Directions for this task. Taking the entries below, transcribe only the lines starting with the one with "Basically DNF is" and going on through the one with "An alternative way", exactly as written, without the pictures.

Exercise data.
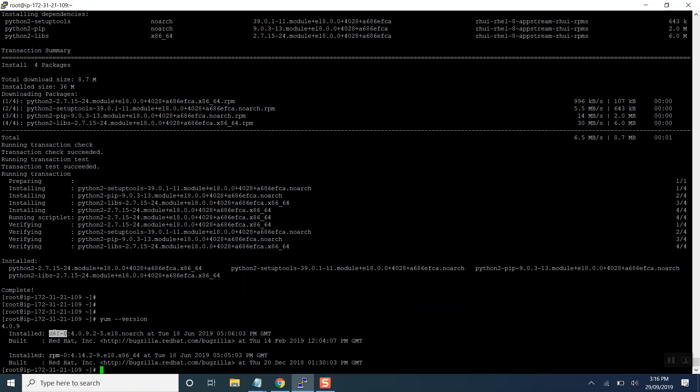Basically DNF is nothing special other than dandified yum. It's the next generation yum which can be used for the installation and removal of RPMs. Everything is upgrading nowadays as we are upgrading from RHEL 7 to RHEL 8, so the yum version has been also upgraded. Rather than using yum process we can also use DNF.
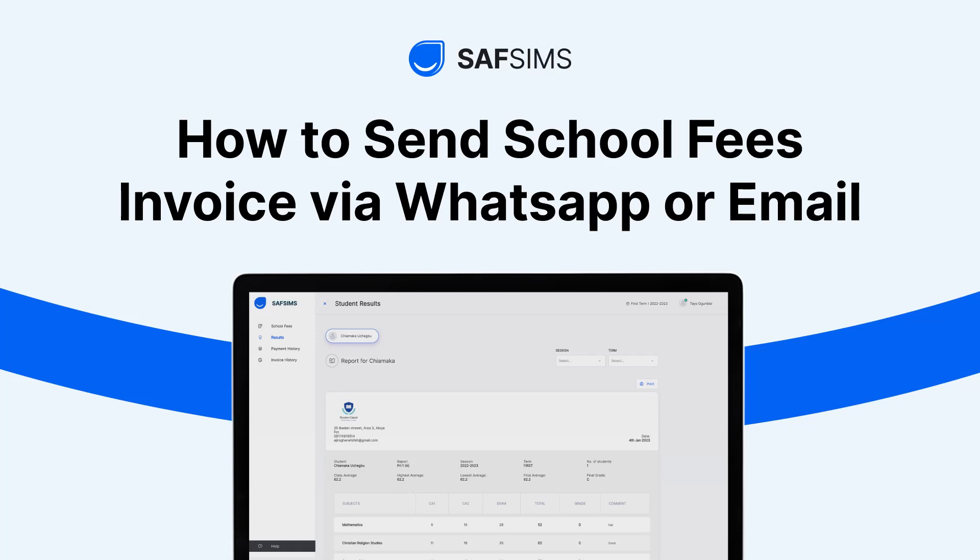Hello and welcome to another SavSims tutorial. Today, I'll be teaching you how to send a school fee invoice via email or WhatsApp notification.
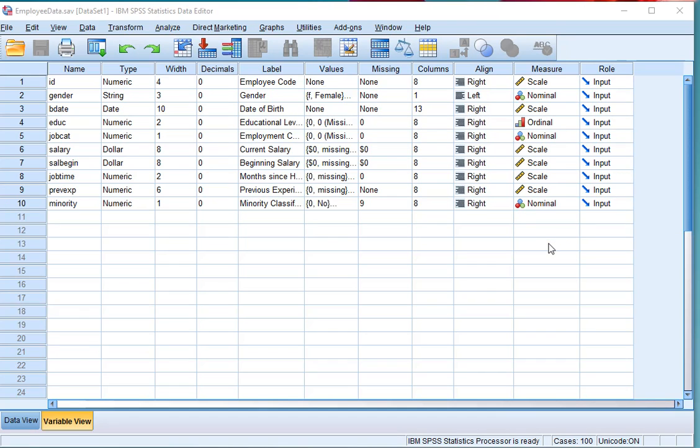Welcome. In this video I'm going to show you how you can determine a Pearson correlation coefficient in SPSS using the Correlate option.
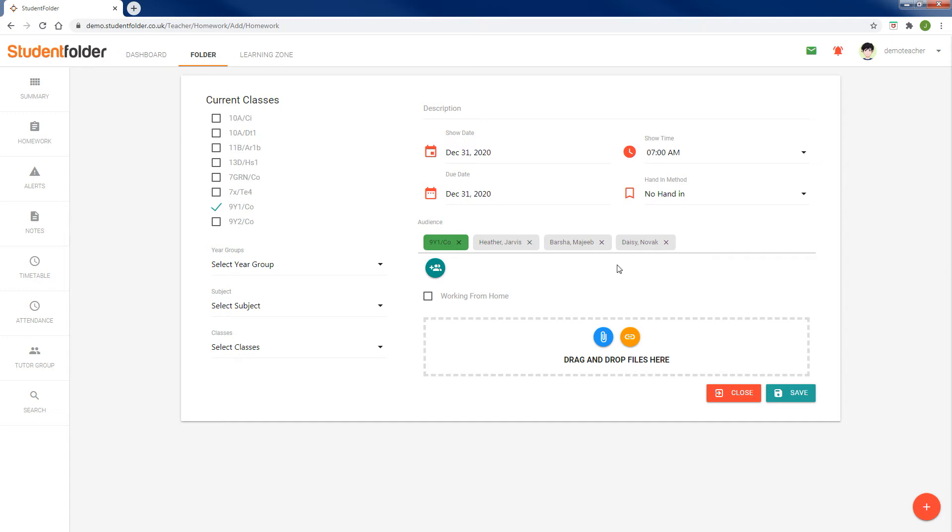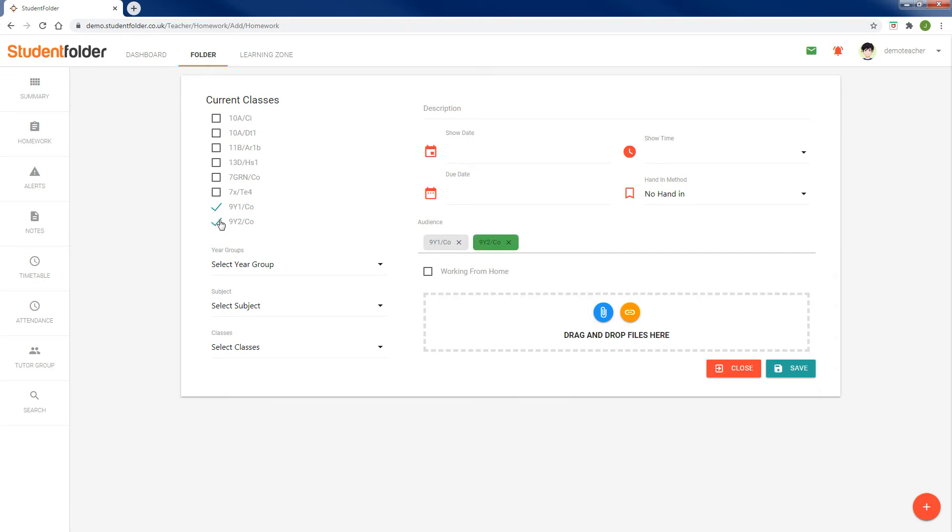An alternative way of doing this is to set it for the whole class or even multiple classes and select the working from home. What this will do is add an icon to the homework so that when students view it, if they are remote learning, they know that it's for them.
==
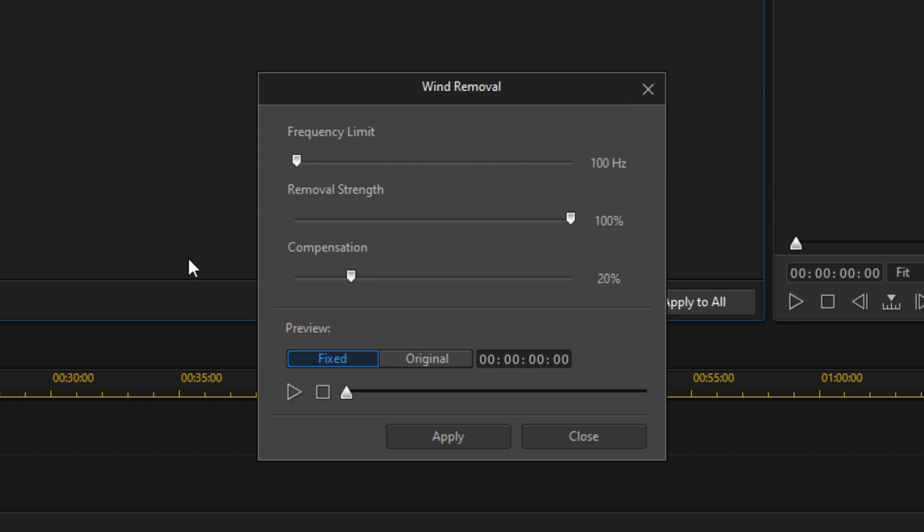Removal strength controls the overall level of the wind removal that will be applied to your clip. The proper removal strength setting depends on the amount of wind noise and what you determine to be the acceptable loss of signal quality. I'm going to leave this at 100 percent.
* * *
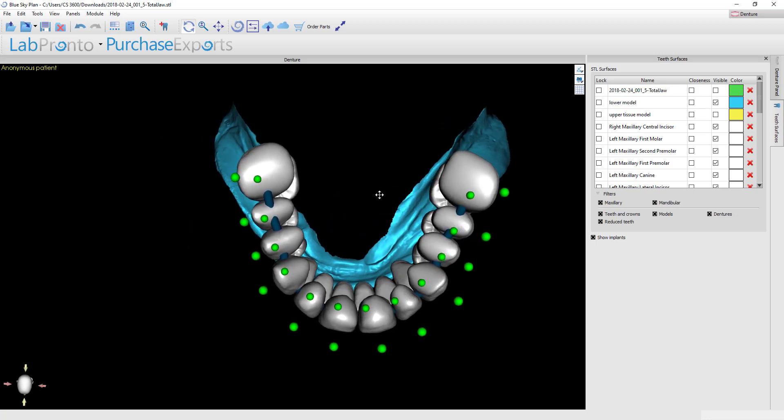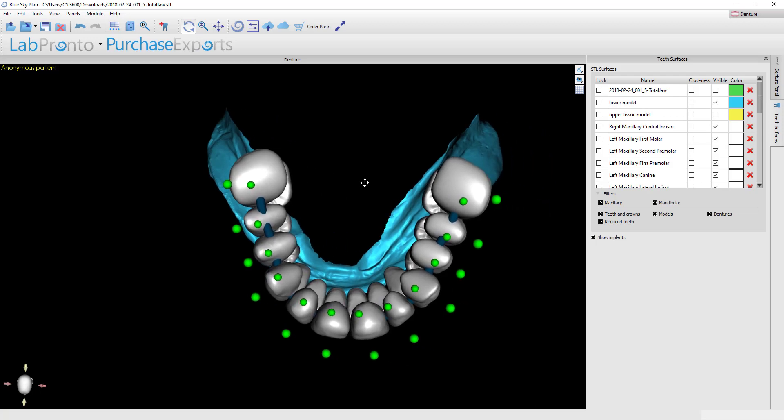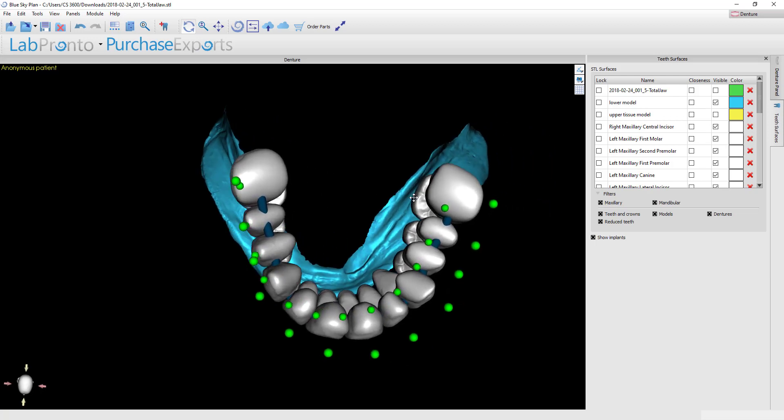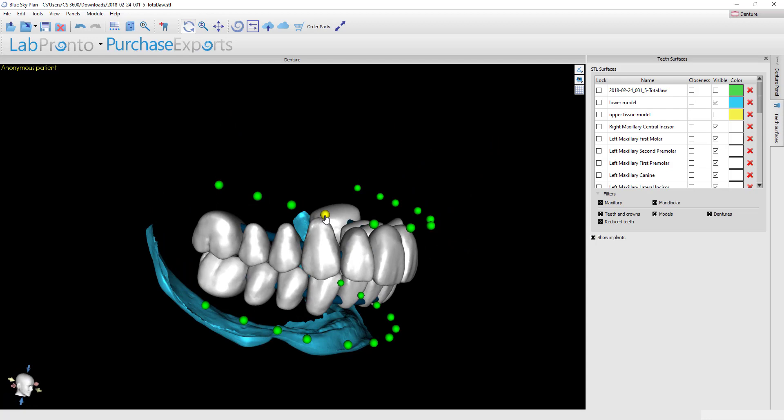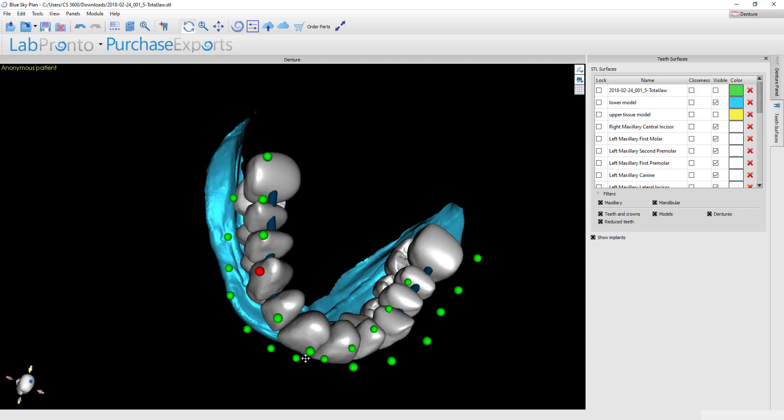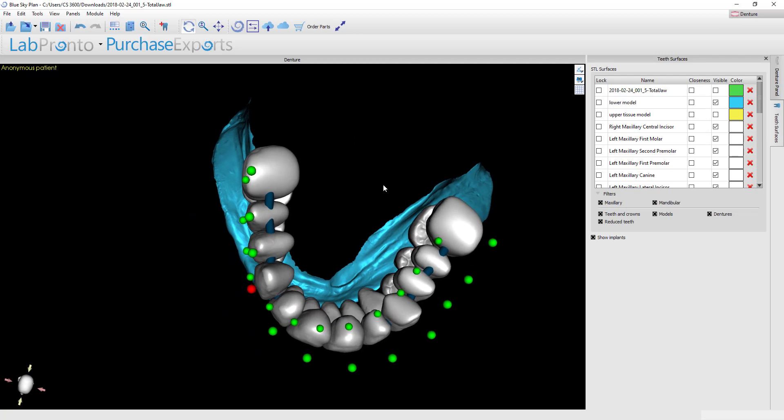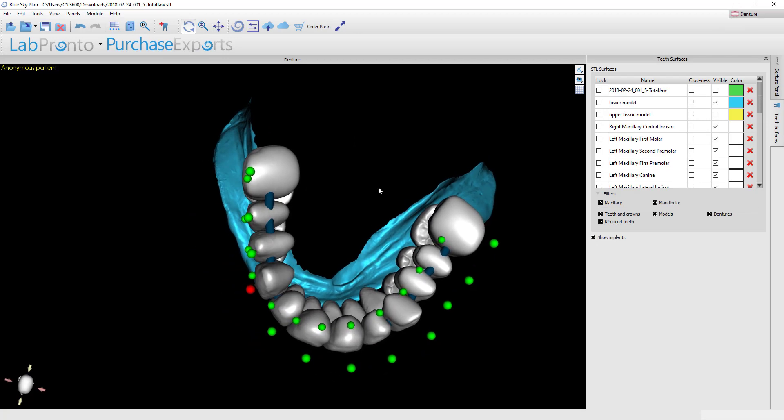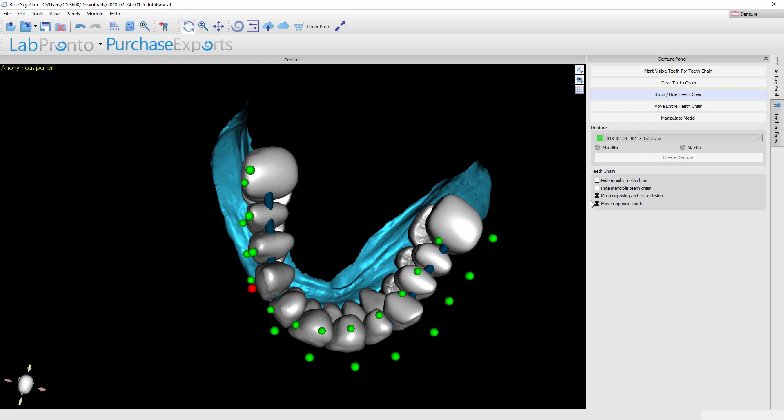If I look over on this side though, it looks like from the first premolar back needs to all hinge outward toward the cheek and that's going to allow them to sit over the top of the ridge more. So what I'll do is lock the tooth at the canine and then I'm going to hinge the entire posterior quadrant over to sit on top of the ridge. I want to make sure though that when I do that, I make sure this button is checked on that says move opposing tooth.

Solution to this problem.
Basically DNF is nothing special other than dandified yum. It's the next generation yum which can be used for the installation and removal of RPMs. Everything is upgrading nowadays as we are upgrading from RHEL 7 to RHEL 8, so the yum version has been also upgraded. Rather than using yum process we can also use DNF.
Hello and welcome to another SavSims tutorial. Today, I'll be teaching you how to send a school fee invoice via email or WhatsApp notification.
Welcome. In this video I'm going to show you how you can determine a Pearson correlation coefficient in SPSS using the Correlate option.
An alternative way of doing this is to set it for the whole class or even multiple classes and select the working from home. What this will do is add an icon to the homework so that when students view it, if they are remote learning, they know that it's for them.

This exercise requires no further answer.